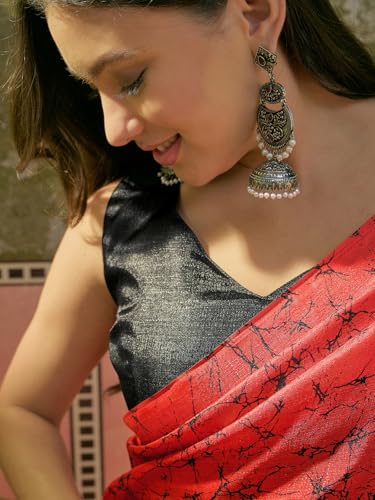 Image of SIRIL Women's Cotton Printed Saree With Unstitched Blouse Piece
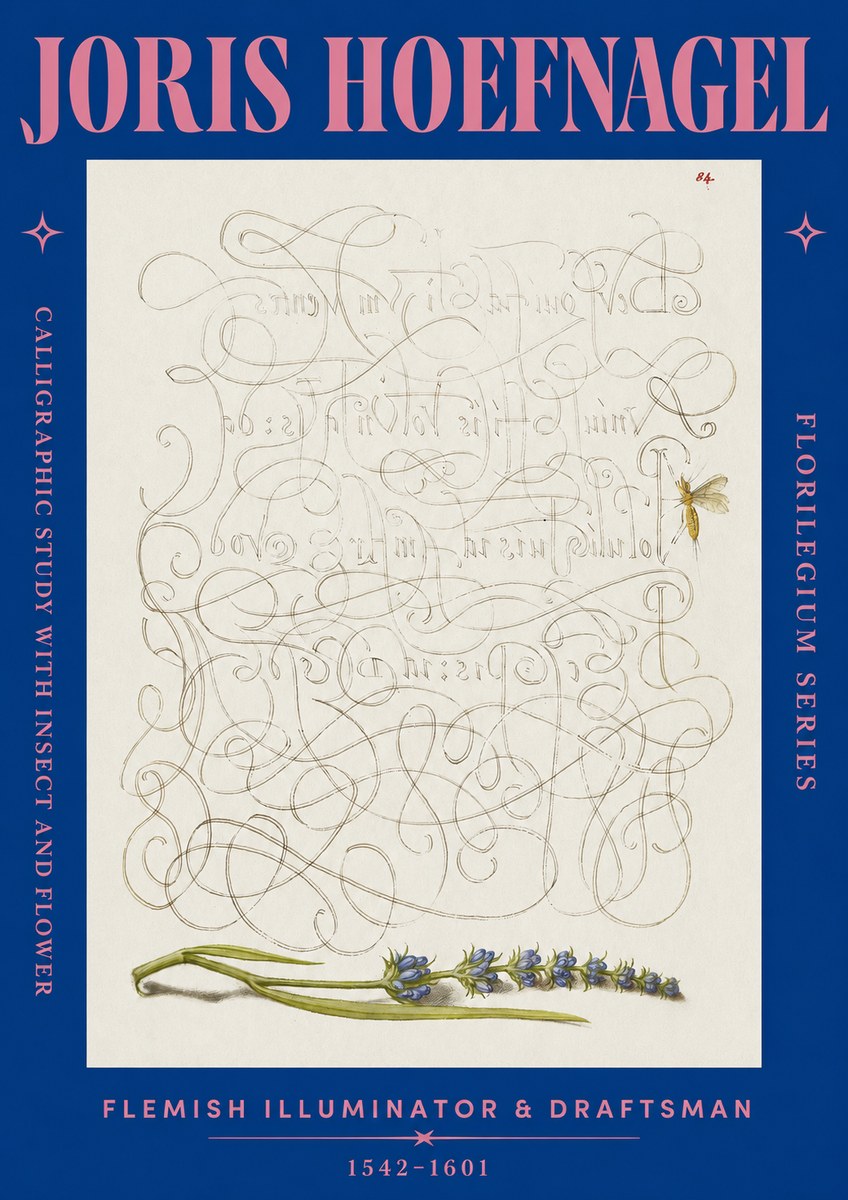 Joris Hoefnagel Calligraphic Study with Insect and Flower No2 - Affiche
● ● ●
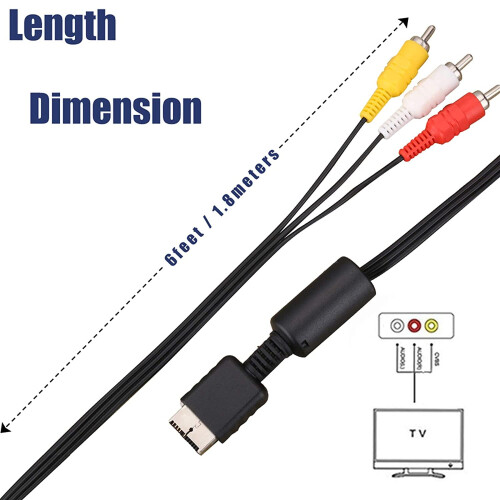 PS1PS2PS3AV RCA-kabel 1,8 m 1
● ● ●
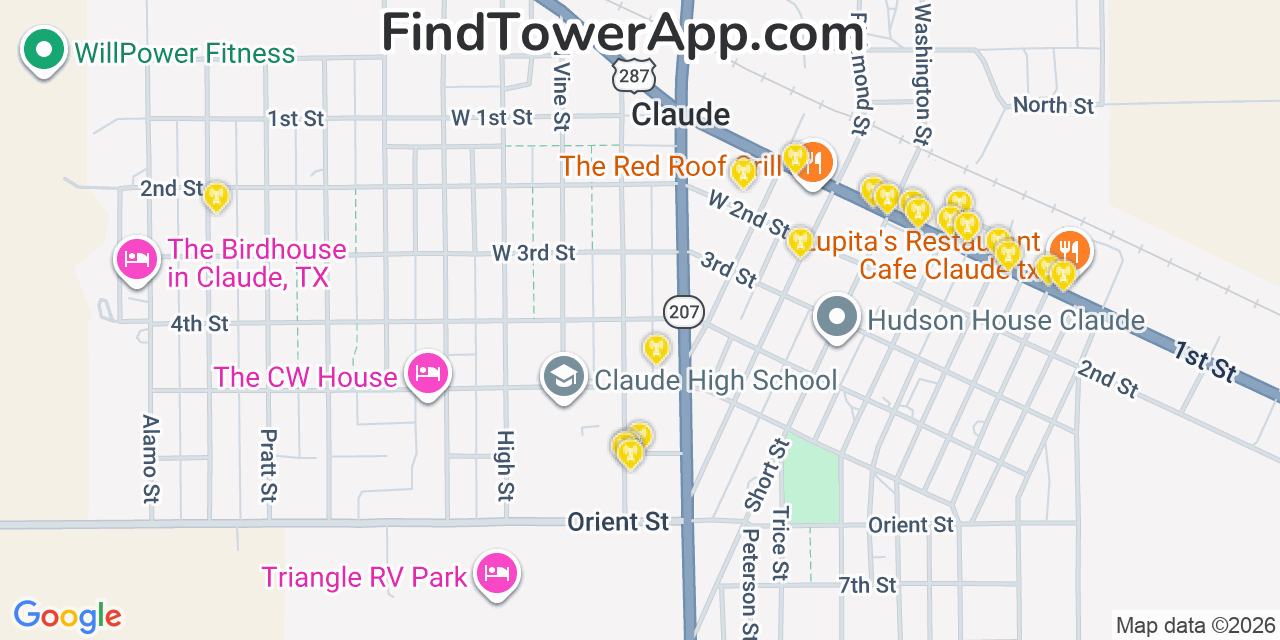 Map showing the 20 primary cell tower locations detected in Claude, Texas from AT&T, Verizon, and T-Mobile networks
● ● ●
> _Your objective_
Within the listing above, print exactly the stretch beginning at the line that contains "Image of SIRIL" and finishing at the line that contains "Joris Hoefnagel Calligraphic", ends kept, pictures left out, and nothing more.

> _Output_
 Image of SIRIL Women's Cotton Printed Saree With Unstitched Blouse Piece
 Joris Hoefnagel Calligraphic Study with Insect and Flower No2 - Affiche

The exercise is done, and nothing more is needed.